GNOME Bugzilla – Bug 499994
GPM's inhibit semantics are confusing
Last modified: 2009-03-05 17:48:56 UTC
Please describe the problem: In GPM, inhibiting suspend is designed to only be used for situations where you really, really don't want to suspend, such as cases of serious data-loss. However, inhibit is currently being used to stop my laptop from suspending while it's doing thoroughly unimportant things like playing music (see bug #344979) or streaming files. The appropriate semantics for these activities lies in-between the current inhibit implementation (i.e., let my laptop melt before stopping what you're doing) and screensaver-prodding (i.e., pretend that I'm not idle, even if I am). I'd want the screen to dim and/or blank, and have the laptop shut down if power went critical or I closed the lid, but not otherwise. Steps to reproduce: On FC8, start playing a track in Rhythmbox. Actual results: Witness 'your laptop will melt if you close the lid' warning. Expected results: Have my laptop not suspend when I'm idle if it's playing music, but suspend when I close the lid. Does this happen every time? Yes. Other information: The inhibit message is scary and not the sort of thing you actually want to ignore, but it's incredibly annoying to have it pop up whenever I start playing songs. Also, see bug #489380.
Moreover, it's preventing suspend when the user explicitly requests it via the applet.

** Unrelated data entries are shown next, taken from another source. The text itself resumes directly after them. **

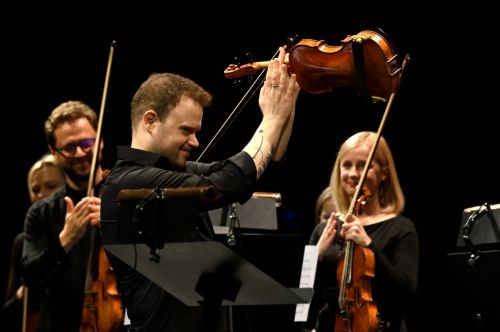 Aistringasis Antonio Vivaldi Operos teatre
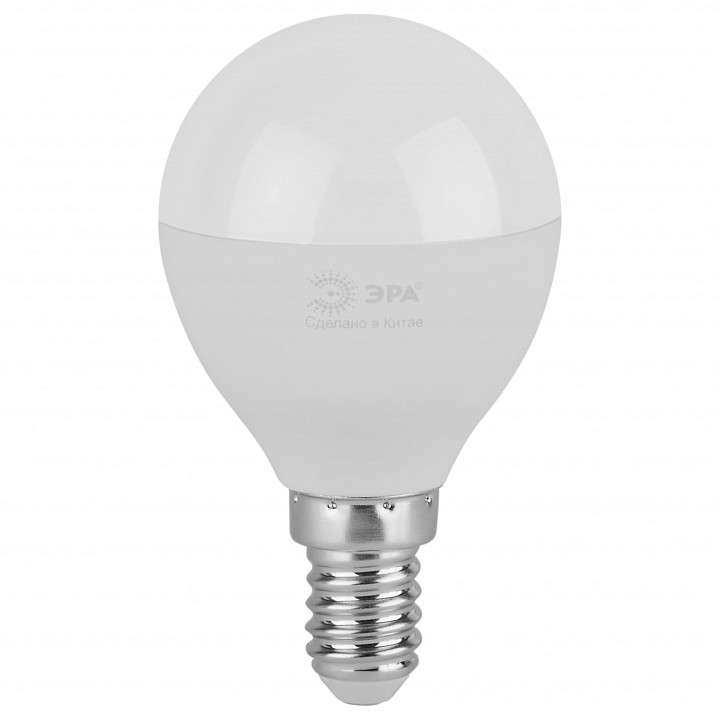 Лампа светодиодная ЭРА Green Line Шар P45 15 Вт E14 6500 К LED P45-15W-865-E14 GL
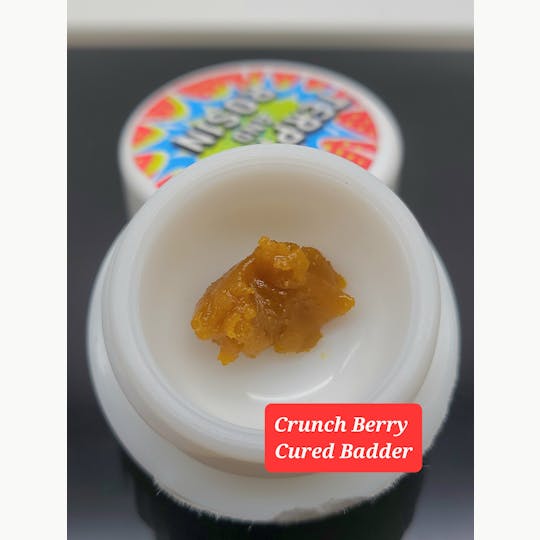 Terpman & Rosin - Crunchberry Cured Badder - 1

I'd like to raise this forgotten bug again. I think we need an additional D-Bus call for programs that *really* need to prevent the user from suspending the system. This includes burning a CD/DVD, installing packages and a few tasks like that. But the standard inhibit call should merely prevent *automatic* suspend. The user should never be blocked by notifications. Anyway, the short-term fix is really to allow manual overriding of inhibitions. Please do something, this is a really poor user interaction.
This problem has been fixed in the development version. The fix will be available in the next major software release. Thank you for your bug report.
Richard: how has this been fixed? Will you disable strong inhibiting (i.e. of manual actions) in next release? Thanks!